One thing that really helped with my FPS sessions was the button located in front of where my thumb sits. When I was equipped with a sniper rifle, or if I wanted to attempt to get a headshot without having to zoom in, holding down on this button to suddenly drop my DPI to a crawl is really helpful.
When playing games that don’t require all of the bells and whistles Logitech gave FPS players in the G402, such as Hearthstone and Wasteland 2, the mouse still felt very comfortable to use.I felt kind of guilty using a mouse like this for non-FPS games, although the additional buttons came in handy when playing RTS games, like Age of Empires, as it allows me to have more options for commands without having to resort to using the keyboard or a hotkey. I guess the same could be said for MOBA, MMO and any other game where you’d like to have quicker access to certain commands.
Software helping hardware
I know installing software from a peripheral's creator can lead many PC gamers to cringe just at the mere mention of it, but Logitech's Gaming Software didn’t bog down my machine with any additional software that I didn’t ask for in the first place.

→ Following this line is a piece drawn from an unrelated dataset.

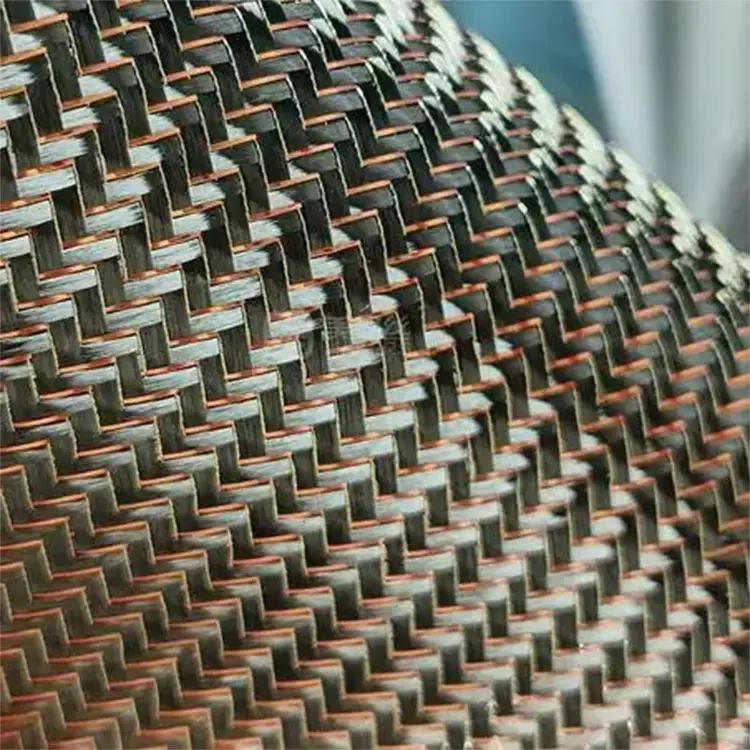 3K Gold Woven Carbon Fiber Fabric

For the G402, the software allowed me to control all of the hardware aspects I mentioned previously was configurable, including the lights on the mouse. All of the buttons can be configured either by your own preference, or through the software’s ability to detect what games you currently have installed on your PC and recommending what mouse buttons and keys do what when you play. The Gaming Software even has a section to show just how improved the speed of the mouse is with all of the sensors turned on, which Logitech calls its 'Fusion Engine,' versus the mouse with just its optical sensor.
The G402 Hyperion Fury Gaming Mouse is a very good mouse that should serve as an introduction into the wonderful world of professional gaming mice. The G402 has some nice bells and whistles, has some slick aesthetics and is comfortable to use, but those who take their FPS gaming serious might want to splurge on something that can really take their game to the next level, such as Logitech’s G502 or the Mad Catz R.A.T. 9.

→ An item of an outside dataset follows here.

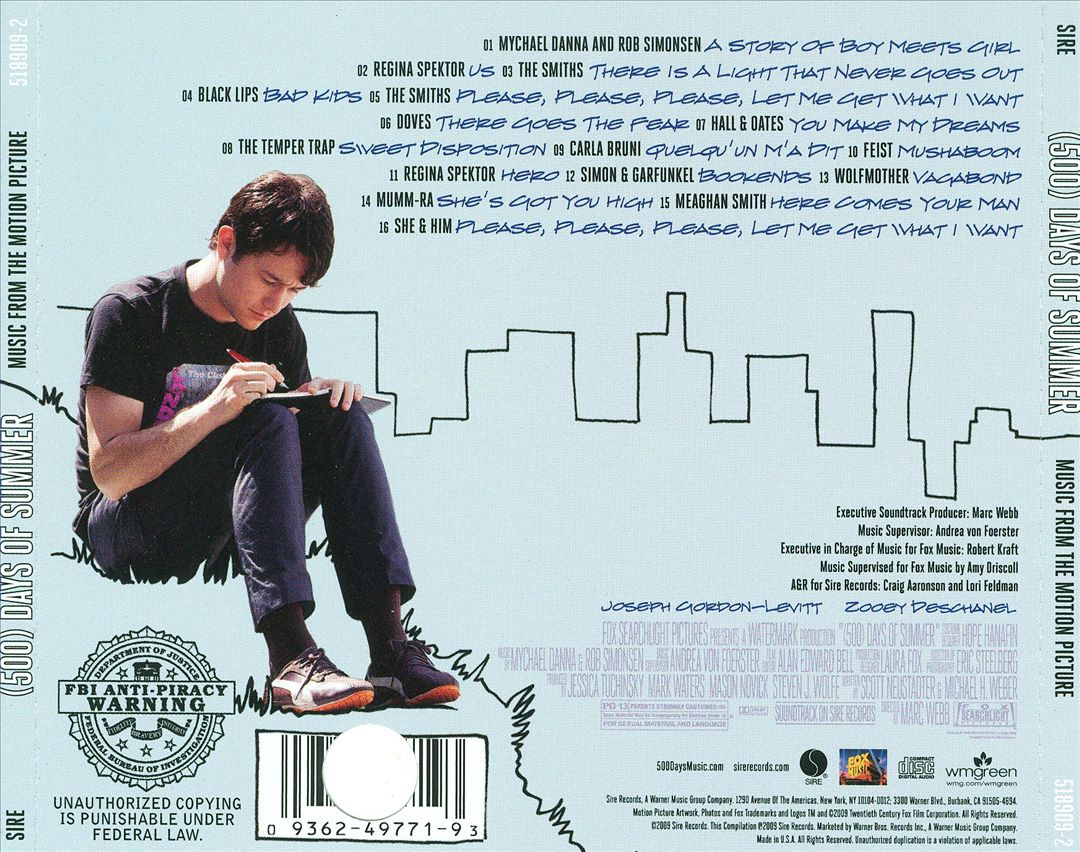 (500) Days of Summer cover art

This review is based on a unit provided by the manufacturer. The G402 is available in retail stores for $59.99.
Daniel Perez posted a new article, G402 Hyperion Fury Gaming Mouse Review.
We review one of Logitech's gaming mice, the G402 Hyperion Fury.
So what do the accelerometer and gyroscope do?
The lack of a free-scrolling wheel in mice means I won't buy them now.
Yeah, I got really used to that feature. Can't stand using a mouse that doesn't have this now. You just don't realize how much you'd actually use this until it's in your hand.
Yeah, I just bought this mouse yesterday to replace my G9x and I thought it had a free-scroll wheel, but it looks like that's only on the G502. I'm really missing it and it hurts what would otherwise be a great mouse.
I'm sporting a G500 (not G500s), and love this feature. The G502 will be for my next computer when I can get it on sale. I've managed to snag all my mice thus far (mx518, G5, and G500) on sales/rebates for $35 or less. I'm sure as hell not spending $60-75 on a mouse.
I've never used a free scrolling mouse. What do you use it for?
Documents and long web pages. It's more a productivity thing than it is for gaming.